The threat to the economies of the West — and the eurozone faces difficulties as least as serious as our own — require from politicians statesmanship and courage of a high order. David Cameron and George Osborne and their colleagues often fall short. Campaigning for gay marriage while Rome burns scarcely promotes public respect.

But most of us recognise the Coalition’s leaders as intelligent and decent men, doing their best.

Their Labour counterparts, by contrast, seem incapable of grasping the magnitude of what is happening.

They play children’s games and make children’s faces even in the midst of the Budget debate. Ed Balls is a thuggish relic of 20th century socialism, who has forgotten nothing and learned nothing.

There is a serious danger that, as this economic crisis drags on — which will happen, whatever George Osborne does — many British people will lose patience and turn against business, wealth and capitalism, as have the French.

The Socialist President Francois Hollande is implementing just the sort of bungling, doomed, keep-spending-and-bash-the-rich policies that Balls will run if he becomes Britain’s Chancellor.

France’s finance minister said without embarrassment this week that he is less interested in cutting public spending and shrinking his country’s bloated welfare state than in raising more tax revenue from ‘big companies and the wealthy’. The latter are, of course, fleeing France as its economy totters.

This could happen in Britain.

Back in the 1950s, Wilfred Pickles fronted a radio gameshow of which the catchphrase to his sidekick was: ‘Give ’em the money, Mabel,’ Labour’s economic policy amounts to a reckless intention to invite Mabel to hand over tens of billions the country cannot afford to its payroll vote and increase taxation.

By contrast, George Osborne may have made mistakes and got his forecasts embarrassingly wrong, but he remains courageously committed to the towering objective of reducing our dreadful national deficit.

The fact that his Budget is most unlikely to produce a dramatic surge in growth reflects chiefly the legacy he inherited, and the huge forces buffeting Western economies, more than his own failures.

KBO (‘Keep Buggering On’) was Churchill’s slogan.
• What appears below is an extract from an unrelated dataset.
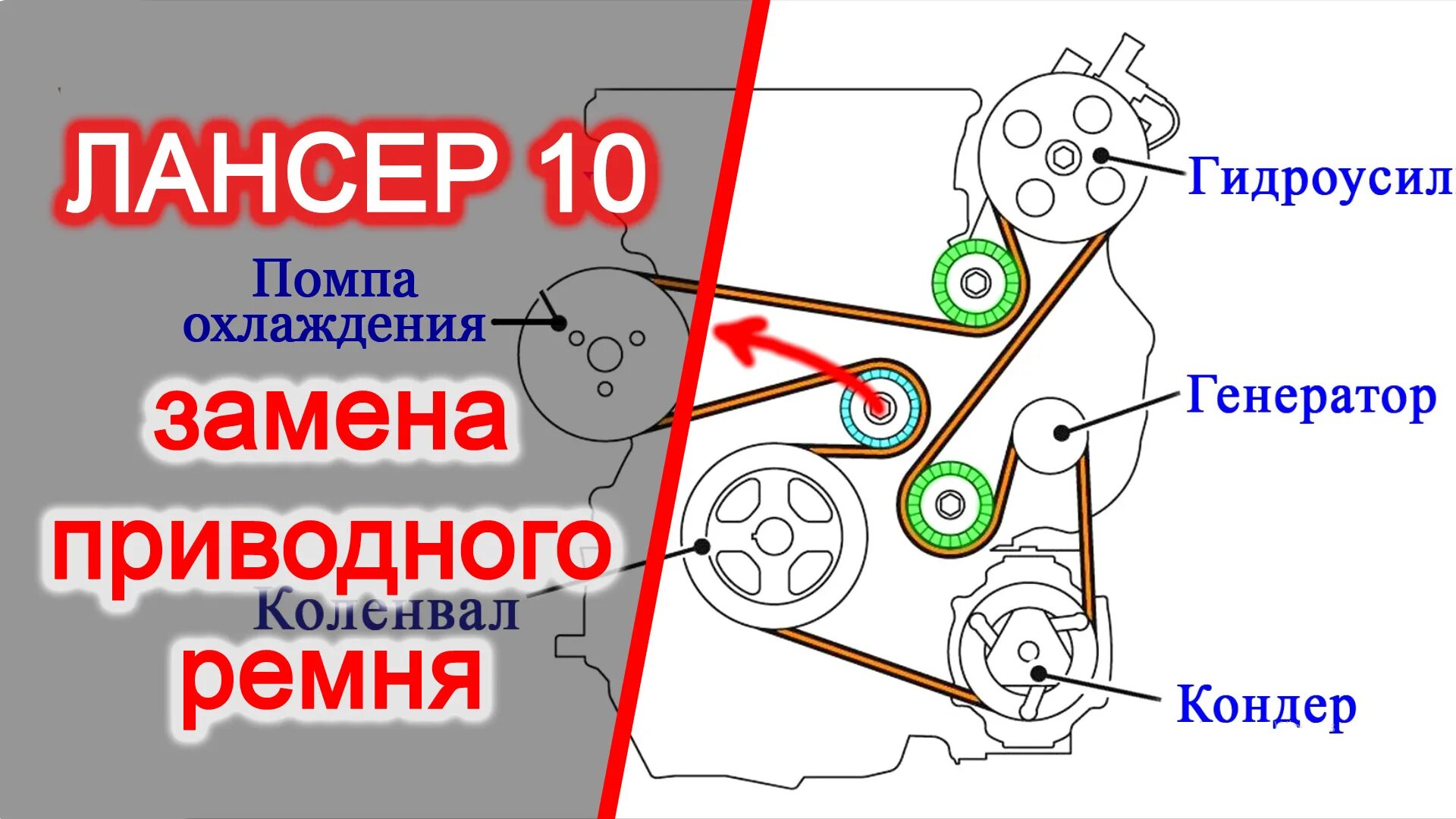 Mitsubishi замена генератора. Приводной ремень Лансер 10 2.0. Приводной ремень Митсубиси Лансер 10 2.0. Mitsubishi Lancer 10 обводной ремень. Ремень генератора Лансер 10 1.8.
Osborne is faced with running his Chancellorship on the same principle.

Back in 2010, before he took office, he often said wryly that the shocking mess he was to inherit at the Exchequer would probably destroy his political career. This could well prove the case.

If he and David Cameron were not so close, a change of Chancellor would soon seem politically essential.

As it is, however, they sink or swim together.

This week’s Budget is unlikely to win many votes, but it reflects Mr Osborne’s dogged and honourable commitment to restoring Britain to solvency.

Voters will see many temptations to reject the Tories and, indeed, their Chancellor, in 2015. But we must never forget that the only alternative government on offer will be led by Miliband and Balls.

And their best offer to the British people is a ticket to economic perdition.